Como você pode contribuir para um mundo mais sustentável, segundo Tim Jackson

Compre com moderação

Pense duas vezes antes de comprar um produto. Você realmente precisa dele? Consumir menos é a atitude individual mais importante que você pode tomar para diminuir as emissões de gases causadores do efeito estufa.

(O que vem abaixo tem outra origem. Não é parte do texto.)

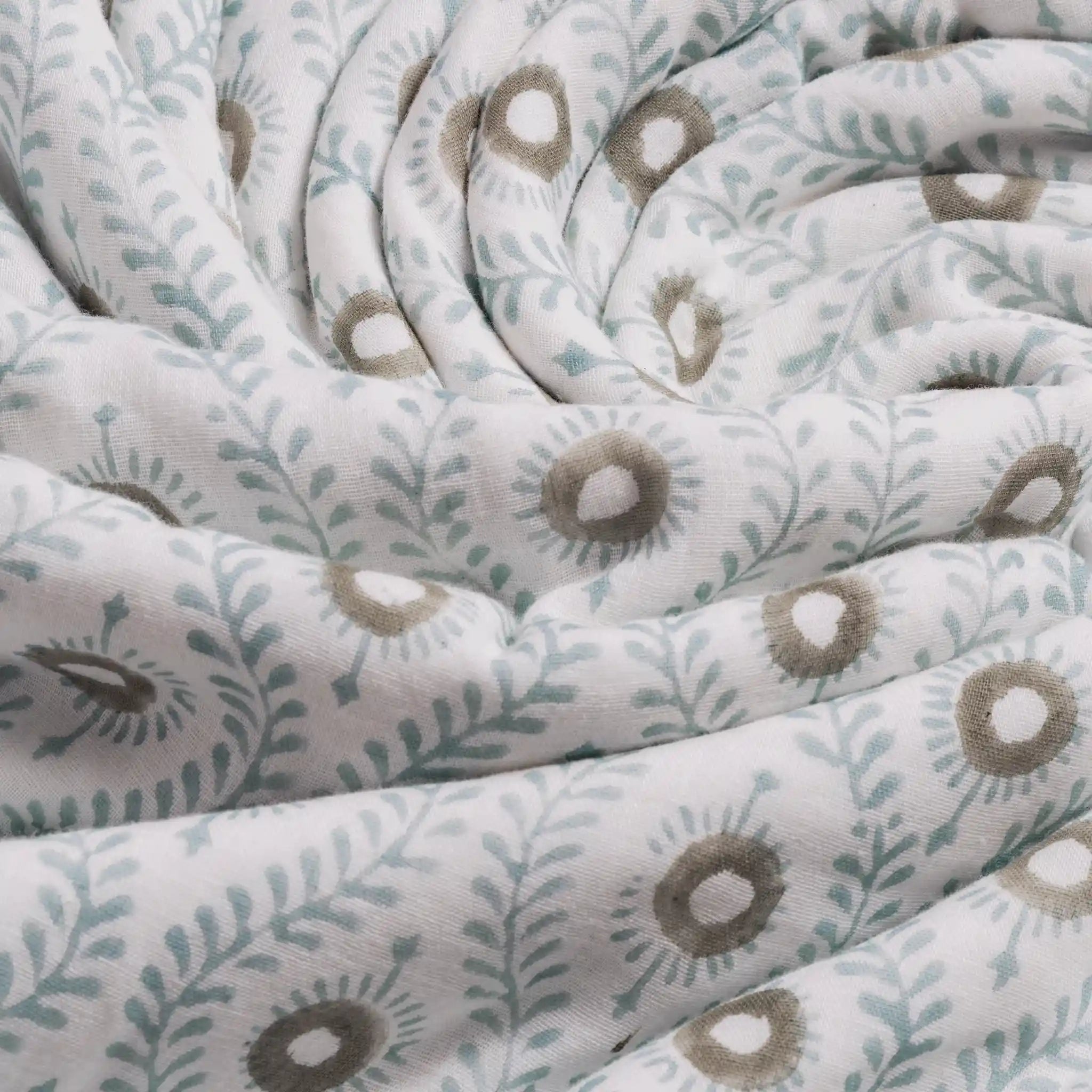 Andrea Ice Blue Block Print Cotton Duvet Cover Set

Dedique-se a ações comunitárias

Não se deixe influenciar pelos anúncios publicitários. Para tirar da cabeça a idéia de fazer compras, você pode, por exemplo, passar mais tempo com a família e dedicar-se a atividades comunitárias.

Escolha bem os produtos

Já que vai comprar, dê preferência a produtos sustentáveis, como os eletrodomésticos que consomem menos energia. Evite o uso de sacolas plásticas e colabore para aumentar a reciclagem de embalagens.

Selecione o fabricante

Consuma produtos éticos, fabricados por empresas reconhecidas por adotar boas práticas no seu relacionamento com os parceiros de negócios, aí incluídos os clientes, os funcionários e os fornecedores.

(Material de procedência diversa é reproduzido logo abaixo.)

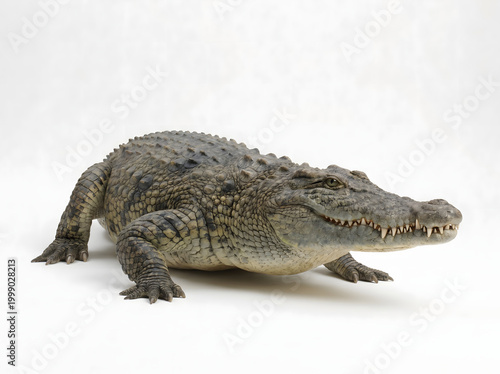 Full Body Crocodile High Detail On Plain White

Use o transporte coletivo e caminhe

Evite o transporte individual e utilize mais o transporte público. Se tiver de usar o carro para locomover-se no dia-a-dia, procure compartilhar a viagem com outras pessoas que fazem o mesmo roteiro. Caminhe mais.

Tim Jackson

• É mestre em filosofia pela Universidade de Western Ontario, no Canadá, e Ph.D em física pela Universidade de St. Andrews, na Escócia.

• Publicou estudos sobre a relação entre consumo, estilo de vida, bem-estar e ambiente.

• Desde 2000 é professor de desenvolvimento sustentável da Universidade de Surrey (a primeira instituição na Grã-Bretanha a criar um departamento voltado para questões de sustentabilidade).

• Paralelamente ao trabalho científico, é um premiado autor de dramas para rádio, as peças radiofônicas.